/fetches-optimizer

Optimize fetch results for more efficient aggregations

Primary LanguageJavaScriptMIT LicenseMIT

fetches-optimizer

This is a simple piece of code intended to be run as a Lambda function when new data is inserted into s3://openaq-fetches/realtime. Currently, it's purpose is to gzip new objects and save them to s3://openaq-fetches/realtime-gzipped. This will make aggregations (via Athena) quicker and less expensive.

Running in batch

In addition to being triggered by SNS when new data is added to s3://openaq-fetches/realtime, the code can also be run in batch by creating a manifest file.
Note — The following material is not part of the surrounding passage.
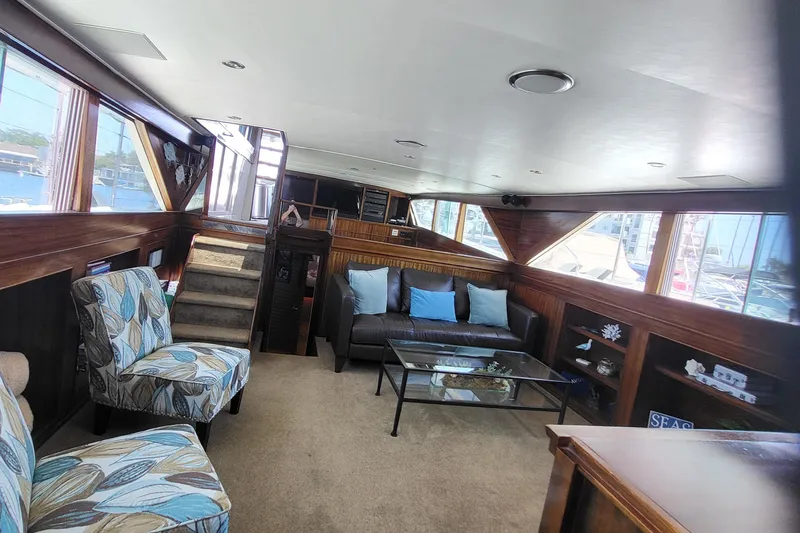 Slide: The Image of 1970 Chris-Craft Commander interior with modern seating, glass table, and nautical decor. - 10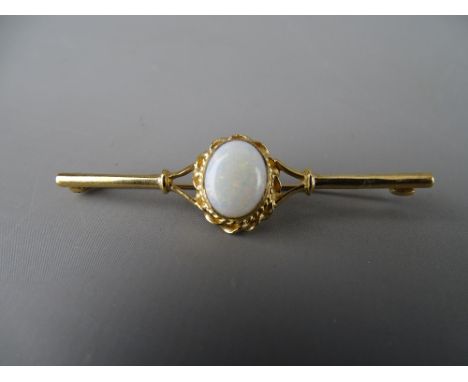 Nine carat gold bar brooch with oval centre opal in a twist mount, 1 x 0.8 cms, 3.4 grms gross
If you have a file of the form

realtime/2018-02-10/1518286521.ndjson.gz
realtime/2018-02-10/1518287191.ndjson.gz
realtime/2018-02-10/1518293192.ndjson.gz
...

you can invoke the Lambda function via the AWS CLI like

<manifest.txt xargs -n1 -P 10 -I % aws lambda invoke --function-name fetches-optimizer_optimize:current --payload '{"sourceBucket":"openaq-fetches", "sourceKey":"'%'"}' --region us-east-1 --invocation-type Event -

This will spin up a whole bunch of Lambda functions based on the input manifest file.